This design document proposes an extension of the Taler protocol that allows
payments from customer-to-customer without a merchant.

Motivation
==========

To be usable as an electronic payment system with cash-like properties,
customers should be able to transfer money between themselves without
needing to setup anything beyond their wallet(s).


Requirements
============

* The protocol must permit transacting arbitrary amounts in any currency,
  as long as both parties trust the exchange involved.
* The control data for customer-to-customer payments should be small
  enough to fit into a QR code or short message (so ideally less than 64 bytes).
* No other direct communication channel between payer and payee should
  be required.
* The customer-to-customer payment must be possible without trusting the other
  party beyond the point where the money has been received by the payee.  Thus,
  sharing of coin private keys is not sufficient, we need transactional semantics
  resulting in exclusive control over the funds by the recipient.
* The customer-to-customer payment protocol must not allow users to circumvent income
  transparency.  That is, each customer-to-customer transaction must be visible
  on a KYCed transaction ledger (such as a bank account).
* The money received via a customer-to-customer payment must be usable for
  further Taler payments with minimal delay (after KYC).
* Two payment scenarios must be possible: (1) one where the payee first
  transmits a proposal to the payer (request-to-pay) that the payer
  accepts by making the payment, and (2) completely uni-directional
  payments where the payer includes a proposal with the payment and the
  payee accepts the proposal by taking the offered payment.
* If the payment fails (i.e. the receiver refuses to accept the money
  or the message is lost), the payer must automatically recover the
  funds (minus applicable fees) without the need for further communication.
* If funds flow back to the payer due to an aborted payment, it must be
  provable for the payer that these funds were not income but merely an aborted
  transaction.  Furthermore, in this case, no KYC should be required from the
  payer.
* If a payment would partially succeed, i.e. because the payer inadvertedly
  used some double-spent coins and some valid coins, this must fail before the
  uni-directional communication and be correctable payer-side.
* The usual properties of Taler (everything auditable, unlinkability,
  high-performance in terms of CPU, bandwidth, latency, storage
  requirements, and the ability to levy fees on every operation that
  is costly for the exchange) need to be preserved.



New Terminology
===============

* An ``account`` is a non-expiring reserve for which entity knowing the
  reserve private key has completed a KYC procedure sufficient to enable
  receiving income under that address.
* A ``purse`` is a public-private key pair where the public key is
  an exchange address from which any owners of an account
  can pick up an amount left at a ``purse`` assuming they know the purse
  private key.
* A ``wad`` is an exchange-to-exchange wire transfer that wires money
  into a group of accounts at the target exchange.


Proposed Solution
=================

A complete solution for customer-to-customer payments consists of three
possible operational flows.


Account creation and withdrawal
-------------------------------

1. The payee generates an account key, which also yields a
   ``payto://taler/$EXCHANGE_BASE_URL/$ACCOUNT_PUB``
   target address (for which the payee knows the corresponding
   account private key).
2. When withdrawing from an account, the exchange first checks if the
   customer has satisfied the KYC requirements.
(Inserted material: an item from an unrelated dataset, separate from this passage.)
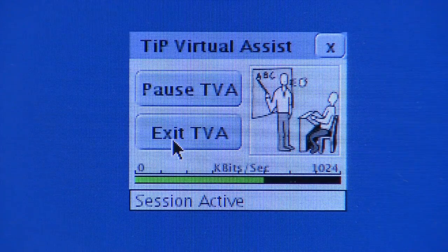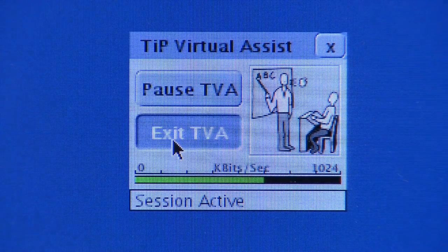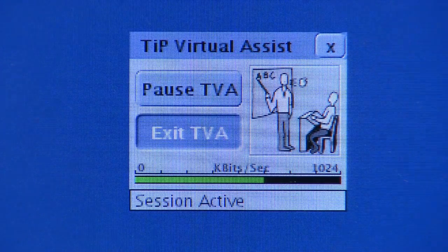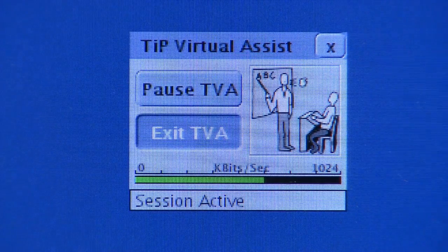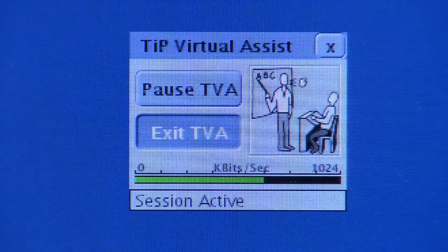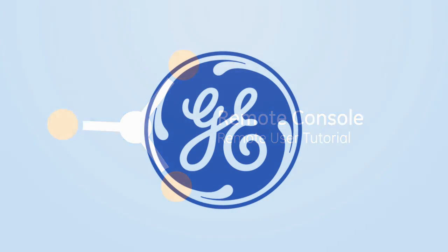There is an idle timeout, so if there is no activity by the remote user for 10 minutes, the connection will be dropped to free it up for another user. Thank you for viewing the videos.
If not, the customer
   is redirected to a Web page where they can perform the necessary
   KYC operation.
3. For this, the exchange wire gateway is extended with a request to
   check the KYC status of a customer based on an ACCOUNT_PUB.
   Possible replies are in-progress and succeeded. An in-progress
   status should be accompanied with
   information how the customer may complete the KYC check.
4. A new exchange endpoint ``/account/$ACCOUNT_PUB/kyc``
   allows wallets to request a KYC for an
   ACCOUNT_PUB.  Such a request may include the requirement to pay
   a **KYC fee**.  The KYC fee may be charged to that account (if it exists),
   or could be waved if the account was established via a wire transfer
   from a partner bank.
5. If the account owner fails to perform the KYC check, the funds
   in an account remain inaccessible.  After a configurable duration,
   the funds may be considered forfeit and become the property of
   the exchange where the account is located.
6. When requesting an account's history (which can get quite long),
   the exchange only returns the last 3 months of data.  Requesting
   the full history requires paying an **account history fee**
   (which is not done via a 402, but simply charged to the account
   when requested; full account histories for accounts with an
   insufficient balance cannot be requested -- except of course
   the wallet could simply top up the account balance first, see below).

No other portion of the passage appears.